I stopped fighting Amazon's anti-bot wall — and built a scoring engine instead
I spent way too long trying to scrape Amazon product pages in real time. Proxies got CAPTCHA'd. Search pages returned 503s. eBay blocked me too. The usual arms race.
Then I realized I was solving the wrong problem.
The insight: scraping and analysis are different products
The scraping is fragile and commoditized — proxies rotate, layouts change, anti-bot vendors (DataDome, PerimeterX, Cloudflare) escalate. Everyone fights the same war.
The analysis — "which of these 100k products is actually worth sourcing?" — is durable.
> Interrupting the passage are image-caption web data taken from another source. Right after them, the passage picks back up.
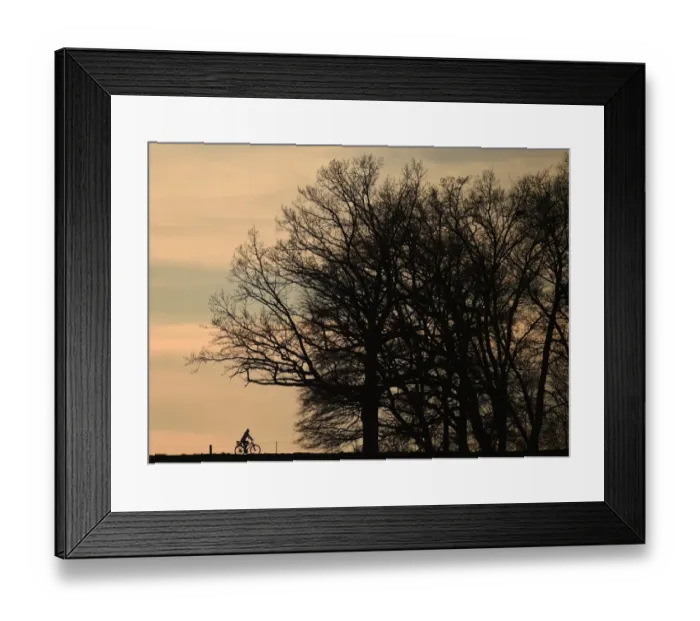 Framed Print : A cyclist passes along a country lane near the small Bavarian village of Puchheim near Munich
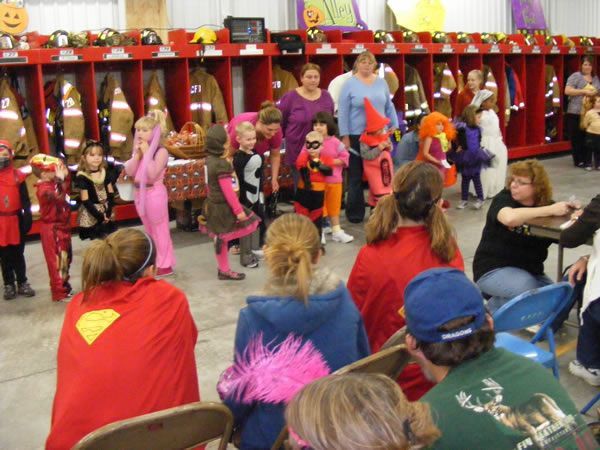 Kids in costumes at a fire station Halloween event; adults watching.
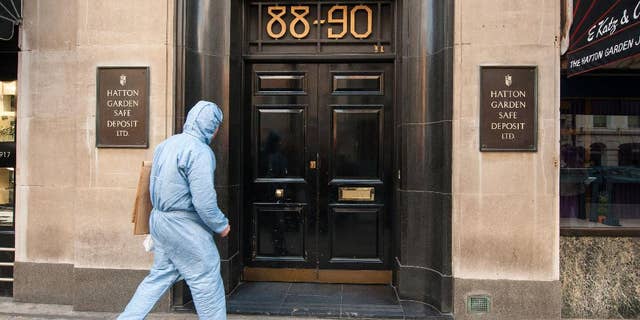 FILE - In this Tuesday, April 7, 2015 file photo, Police forensics officer enter the Hatton Garden Safe Deposit company in London. More than 200 British police swooped down on suspected jewel thieves Tuesday, May 19, 2015, making arrests in the notorious Hatton Garden heist that took place in London over the Easter weekend. Scotland Yard said seven British men, ranging in age from 48 to 76, are being questioned in a London police station after the morning raids. The men were arrested in north London and in Kent, southeast of the city. (Dominic Lipinski/PA via AP, file) UNITED KINGDOM OUT - NO SALES - NO ARCHIVES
The scoring logic doesn't care whether the data came from a scraper, an API, a CSV export, or a partner feed.
So I split them. The scoring engine is the asset. The data source is a swappable adapter.
The engine
ecom-intel-engine (MIT) takes normalized product records and returns a 0–100 opportunity score across four dimensions:
- demand — log-scaled review count (proven sales)
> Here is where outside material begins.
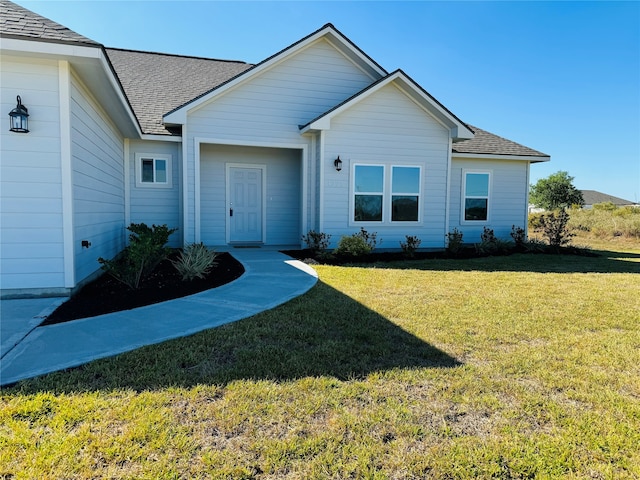 ranch-style house with a front lawn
- margin — price headroom (sweet spot ~$20–60)
- quality — rating fit (4.0–4.8 ideal; suspiciously perfect penalized)
- competition — reviews vs. category median (below median = an opening)
const { analyzeDataset } = require('ecom-intel-engine');
const products = [
{ asin: 'B01', title: 'Vitamin C Serum', price: 24.99, rating: 4.6, reviews: 8200, category: 'Skincare' },
{ asin: 'B02', title: 'Jade Roller', price: 9.99, rating: 4.3, reviews: 120, category: 'BeautyTools' },
];
const { summary } = analyzeDataset(products);
console.log(summary.topOpportunities);
// [{ id: 'B01', title: 'Vitamin C Serum', score: 82, category: 'Skincare' }, ...]
No scraping inside the package. Zero runtime dependencies for the core scoring path.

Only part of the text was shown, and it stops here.